Tuesday, March 4, 2014

What was the Civil Rights movement all about?

The Civil Rights movement became significant in the late 1950's and 1960's. It was a movement that rebelled against the prevalent view that African-Americans were discriminated against and that such discrimination was not only accepted, but considered legal. It entailed different stages of awareness and participation. From the Supreme Court's decision in the Brown case (1954) that declared segregation in public schools to be unconstitutional to the waves of awareness brought about by specific individuals such as Dr. Martin Luther King, who was nationally recognized. To individuals such as Rosa Parks, who took an individual stance of resistance, along with hundreds and later thousands of individuals who simply refused to go along with the institutionalized racism that was widespread, particularly in the South.
The movement emphasized for the most part a discipline of non-violence. Through peaceful demonstrations and sit-ins that often became violent as a result of the police actions involved more and more persons became aware of the injustice that was prevalent simply based on race.
The movement is recognized as causing a change in the law of the United States. For example, with legislation such as the Civil Rights Acts and the Civil Voting Rights Act. It also started societal changes. It's effects and causes are still prevalent today.


It was an agitation for an end to inequality based on color.

The civil rights movement refers to the mass protest of the 1950’s and 1960’s by minorities in the USA such as African-Americans, and Native Americans. The main grievances were racial segregation in areas such as voting, employment opportunities, and public transport. Some of the prominent faces of the movement were Martin Luther King and Bob Moses.
The origin of the protests was deeply enshrined in the fabric of the nation, with historians pointing out that it originated in the failures of reconstruction. Specifically, the compromise of 1877, amongst other things informally granted the southern states, the power to deal with their African-American populations in whichever they pleased.
Consequently, blacks population in the southern states was systematically denied voting rights, through both coercion and militia activities. Prominent militias such as Ku Klux Klan and white league emerged in the south to ensure this there being. Schools and busing were disaggregated, and for the next decades, African Americans had either the option of persevering of fleeing to the North, in what is known as the great migration. The cultural revolutions of the 1920’s and the rise of liberal governments in the 1930’s served to ignite the movements.
However, the efforts of administrations of Truman and Eisenhower to introduce racial parity were often met with resistance from conservative congressional members. The movement became increasingly vocal in the 1950’s and seminal cases such as Robinson, first baseball player, served to fuel the movement.
When JFK rose to power and was assassinated, his successor Johnson had a greater idea. He innovated what he called the great society which targeted an American society free of racial segregation, with higher standards of living, and housing solutions for poor Americans. While these policies were a success in the north, the south deliberately denied African American voting rights and segregated public schools and public transport systems. Civil rights leader of all walks of life, led by MLK and other whites student begun the famous freedoms rides, which resulted in the death of several of them.
The civil rights movement culminated in Johnson spearheading the equal voting rights of 1965, which cooled the tensions albeit until the American Indians took the course.
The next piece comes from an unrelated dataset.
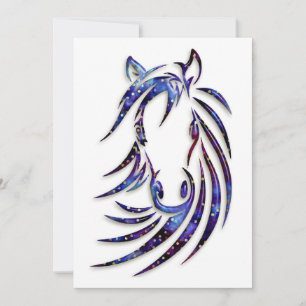 Invitación Retrato mágico místico del caballo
The Civil Rights movement led by Dr. Martin Luther King, Jr. in the 1950s and 1960s used non-violent civil disobedience to try to gain the same rights for blacks that whites in the U.S. enjoyed.
One of the goals of the movement was ending segregation in the South. Blacks objected to not being served at white lunch counters, not being allowed to swim in white pools, not being allowed to stay in white hotels, and not being allowed to attend white schools. To publicize their protest and put pressure on politicians to change laws, blacks deliberately entered white spaces and refused to leave. Famously, for example, Rosa Parks would not move to the back of the bus where blacks were legally required to sit in Montgomery, Alabama, and ended up arrested, sparking a bus boycott and publicizing the unjustness of such laws. In another example, black protesters trained in non-violence sat and asked to be served at a white lunch counter in Greensboro, North Carolina, where they encountered abuse without fighting back and raised sympathy for their cause.
The Civil Rights movement also fought for black voting rights, which were often denied in Southern states. Beyond that, the movement fought against discrimination in the workplace and the housing market. The campaigns were largely successful in influencing Congress to pass legislation that made racial discrimination illegal, but may have been less successful in changing white people's hearts about blacks.